■ **Work request**
The answer is the data repeated in full, with no pictures included.

■ **Data excerpt**
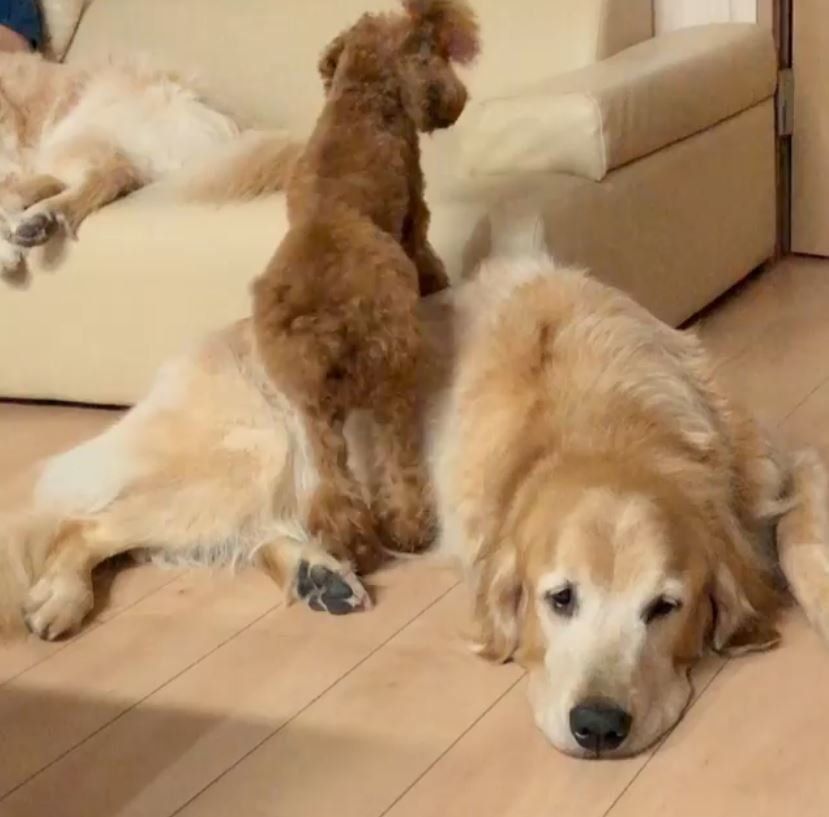 ソファに上りたいトイ・プードル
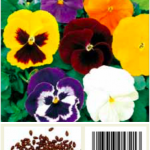 Pensamiento gigante variado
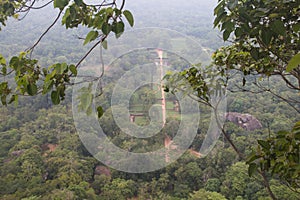 View over the jungle in Sigiriya, Sri Lanka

■ **Exercise answer**
 ソファに上りたいトイ・プードル
 Pensamiento gigante variado
 View over the jungle in Sigiriya, Sri Lanka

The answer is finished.